Do We Really Need this Law?

State legislators are a strange and varied lot. They have risen out of the local government in which their chief role was to determine where new traffic lights should be placed around their district and listening to people complain about their high property taxes. At their position as a state level leader, they must make decisions regarding policy and issues. One would think that with the seriousness of this position, state legislators must be incredibly well educated and well informed, that they study the potential outcomes of every bill they consider before making a decision on how to cast their vote.

Not so.

Now, don’t get me wrong. I have a great respect for state legislators. Some of my favorite people are state legislators. I appreciate the insight they have, their willingness to participate in the sausage-making process that is law making, and their persistence in doing what they believe is best. I’m thankful that they are willing to make great personal sacrifices in order to serve the public good.

Sometimes, though, they really need to reconsider legislation they present.

Take, for example, Kansas House Bill 2234 that would prevent professors and other university employees from using their official titles in letters to the editor in which they comment on lawmakers, the governor, or other elected officials. This bill prohibits these professionals from using a title they have earned that will lend credibility to their statement. Granted, every word that flows from the pen of a college professor is not necessarily honest or even wise, but knowing why this person’s letter would be worth reading and what mindset they might have on an issue can often be found in their job title. If, for example, I know that the person writing the letter is a liberal professor at a local liberal university and he is criticizing a conservative lawmaker, then I might better be able to resist his liberal dogma. Of course, every job title does not equate to a specific political philosophy. This should not be used to overgeneralize, but can be used as a starting point to assess the writer and why he or she may have the opinion they do.
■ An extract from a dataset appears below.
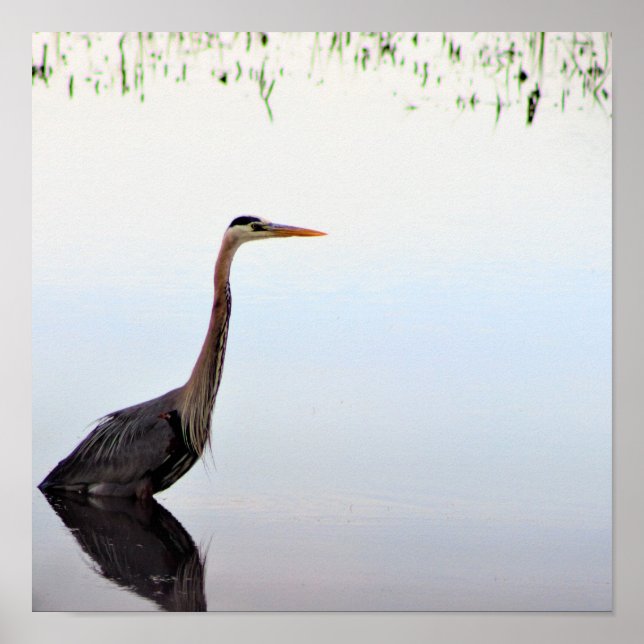 Poster Excelente Blue Heron (Frente)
Then there is Montana House Bill 365 which would make yoga pants, and any other clothing that outlines your body, illegal. I don’t know whether to laugh or cry over this bill. I also do not like revealing or tight clothing worn in public. If funds permitted it, I would purchase billboard space and advertise that “leggings are NOT pants” all over my home state. It is little surprise that we have oversexed elementary school students when clothing designers gear their advertising toward them by using under dressed superstars.

However, it is simply not the place of our government to regulate what clothing we wear or purchase for our children. This should be the role of parents and churches, not elected leaders. This is a matter of self-governance. Because my children saw my husband and me dress appropriately, they learned that some clothing was appropriate and some was not, and they didn’t waste their time walking downstairs in the morning with anything they knew I wouldn’t like. I governed my family without the help of elected officials. Consequently, my children are well respected in the community by adults and peers. If parents, families, and churches will step up and do the job, we won’t have a need to consider laws of this nature.
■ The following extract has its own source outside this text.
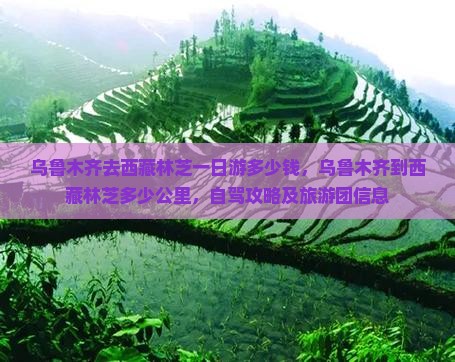 乌鲁木齐去西藏林芝一日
Then there is the Tennessee legislator who presented a bill that would make the Bible the TN State Book. I love the Bible. However, making the Bible the state book is pushing things a bit. I enjoy reading my Bible because it is my choice. At every opportunity, I am willing to share my faith with others. But even Jesus Christ did not push himself on people. He offered eternal life, healing, peace, and more all free for the taking, but He never required that anyone follow Him. Freedom of choice – people can choose to follow Christ and receive His gifts and blessings, or they can choose not to follow.
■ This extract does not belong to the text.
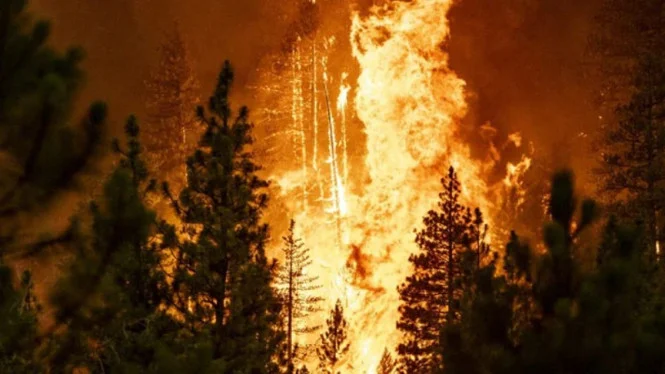 Kebakaran Hutan Hebat di Australia Timur: Belasan Rumah Hangus dan Evakuasi Warga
I feel fairly confident in saying that nearly everyone in Tennessee (and probably most other states) has heard of the Bible. Some love it, some hate it, and some don’t care one way or the other. But to make this wonderful book the “state book of TN” is an area better left untouched. The Bible is a writing of the beliefs and stories that establish the Christian doctrines. Similarly, the Qur’an is a writing of the beliefs and stories that establish the Islamic doctrines. So Christian, how would you feel if the Qur’an became the state book? How can we look at our beloved First Amendment to the US Constitution that supports the idea of religious freedom (a concept granted to us not by man, but by God) and say that people of faiths other than Christianity just have to accept that we got our law passed before they did?

The shoe hurts on the other foot, doesn’t it?

These three examples are not the only legislation that needs reexamination. Concerned citizen, please look at the legislation being considered in your state this year. Encourage friends to help you (some states present 1500 bills for consideration each year, you cannot do this alone!) and see what it taking place in your capitol. You can’t fix it if you don’t know it is happening and you won’t know what is happening unless you do some homework. It is not easy, citizenship is never easy. But if we are to turn our nation around, it will start in our state and local governments. It will start with people just like you.